Learning Advice: Phrasal Verbs
- abril 8, 2016
- Posted by: Joel
- Category: News
Everyone’s favorite part of English vocabulary: all those little mini-expressions that seem to be made up of the most common words in the language, but with one slight change, end up meaning something completely and totally different.
Yes, phrasal verbs seem to be extremely difficult to learn, as there seems to be no rhyme or reason to them. While there is an underlying logic, sometimes it’s so far down, it’s not worth looking for.
Instead, what you should do, rather than try to decipher the meaning from the components of a phrasal verb, is to see it as an indivisible unit, just like any other vocabulary term you come across.
For example, we know that words like “consternation” are not “conster” + “nation”, trying to figure out what “conster” means and what relationship it has to countries or peoples.
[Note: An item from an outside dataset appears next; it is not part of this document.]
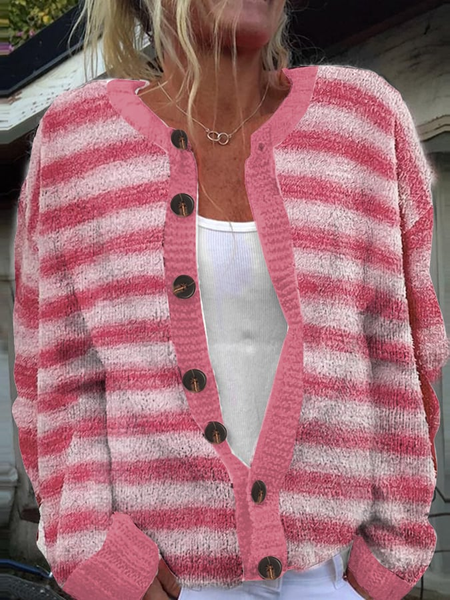 

Pink Breast Cancer Awareness 3D Printing Striped Crew Neck Knitted Casual Cardigan, Cardigans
No, what we do is see it as one unit, and learn its meaning accordingly.
Similarly, the Spanish expression “llevar a cabo” is not three separate elements that together make up something (we’re not literally taking something to a cape); it’s a single expression and must be learned as such.
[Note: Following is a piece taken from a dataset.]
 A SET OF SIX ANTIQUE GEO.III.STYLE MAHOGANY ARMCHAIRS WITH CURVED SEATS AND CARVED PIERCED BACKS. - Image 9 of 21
And that’s how we have to see phrasal verbs. “Make up for” is not “make” + “up” + “for”, it’s a single unit with a single definition.
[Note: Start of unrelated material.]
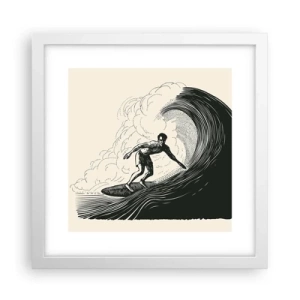 Affiche dans un cadre blanc - Poster - Le roi de la vague - 30x30 cm
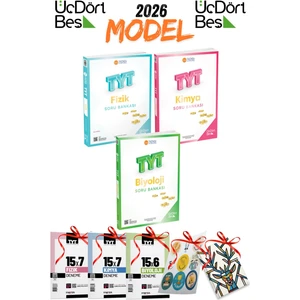 2026 Model Üç Dört Beş Yayınları Tyt Fizik Tyt Kimya Tyt Biyoloji Soru Bankası Seti 5 Hediyeli 345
Yes, it’s special. You have to remember if it’s separable or not (does the object pronoun go inside or outside the phrasal verb), but if you see each phrasal verb as just another verb that happens to have a space in it, you’ll realize they’re nothing to be even remotely afraid of!
So, remember: don’t break phrasal verbs down into their component parts! Treat phrasal verbs as single units, and learn them just as you would any other word!